------ DATA BLOCK ------
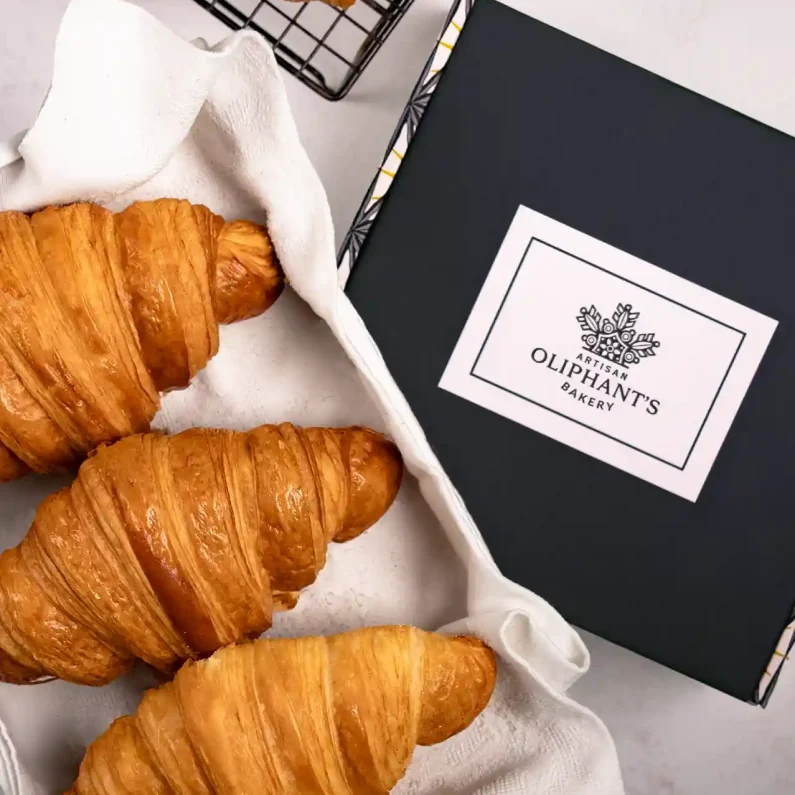 Classic plain croissants in a compact bakery box, offering a deliciously flaky and buttery treat for any occasion
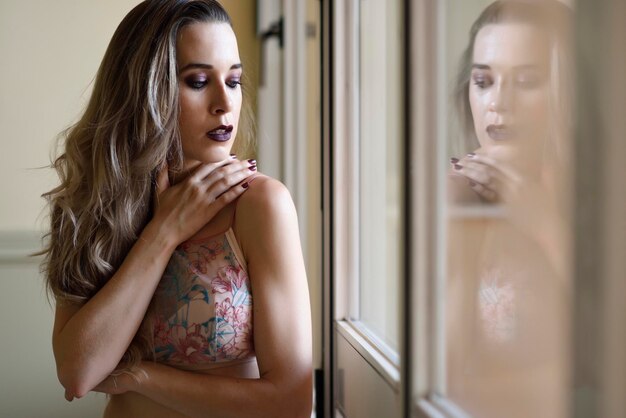 Photo side view of young woman standing by window at home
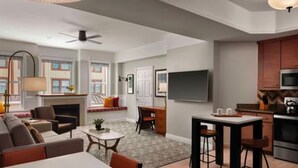 A modern living room with a sofa, coffee table, and a dining area with a table and chairs. There is a kitchen area with a microwave and stove. - Marriott's Summit Watch (1BR) (Park City)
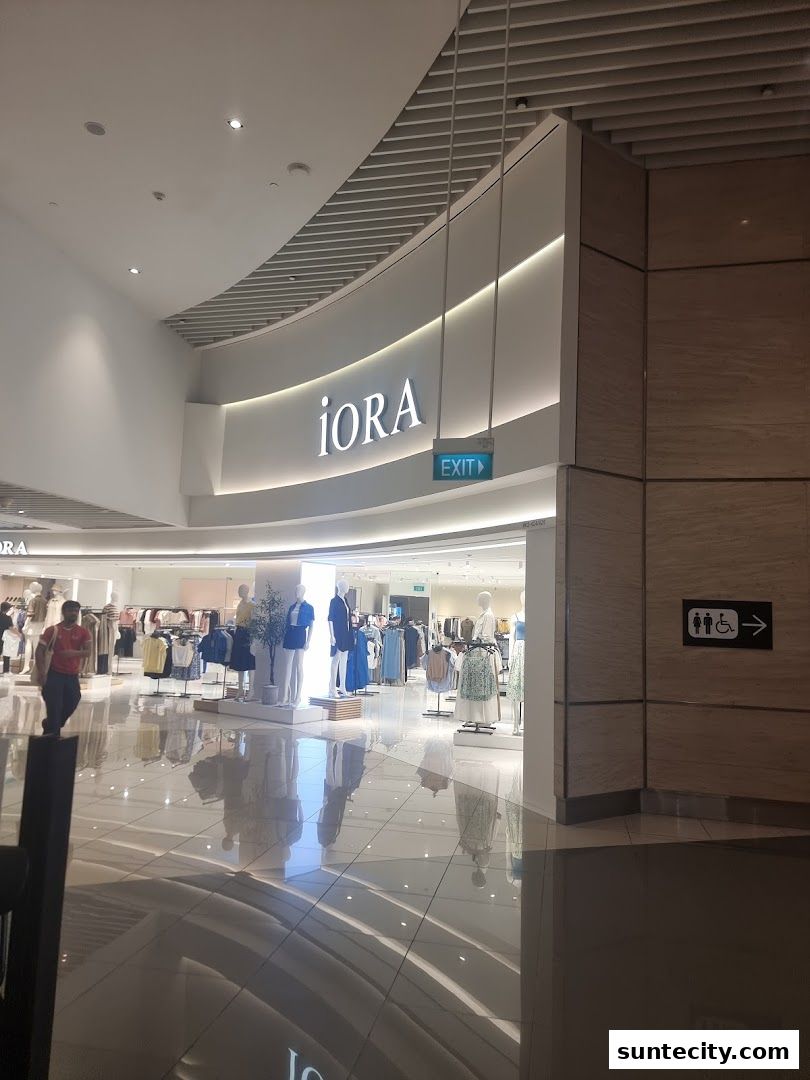 The iORA store at Suntec City, showcasing fashion displays and mannequins.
------
# TRY IT
Write out, word for word, the lines running from the one containing "A modern living" to the end of the data above; the pictures are to be left out.

# OUTPUT FOR THIS EXERCISE
 A modern living room with a sofa, coffee table, and a dining area with a table and chairs. There is a kitchen area with a microwave and stove. - Marriott's Summit Watch (1BR) (Park City)
 The iORA store at Suntec City, showcasing fashion displays and mannequins.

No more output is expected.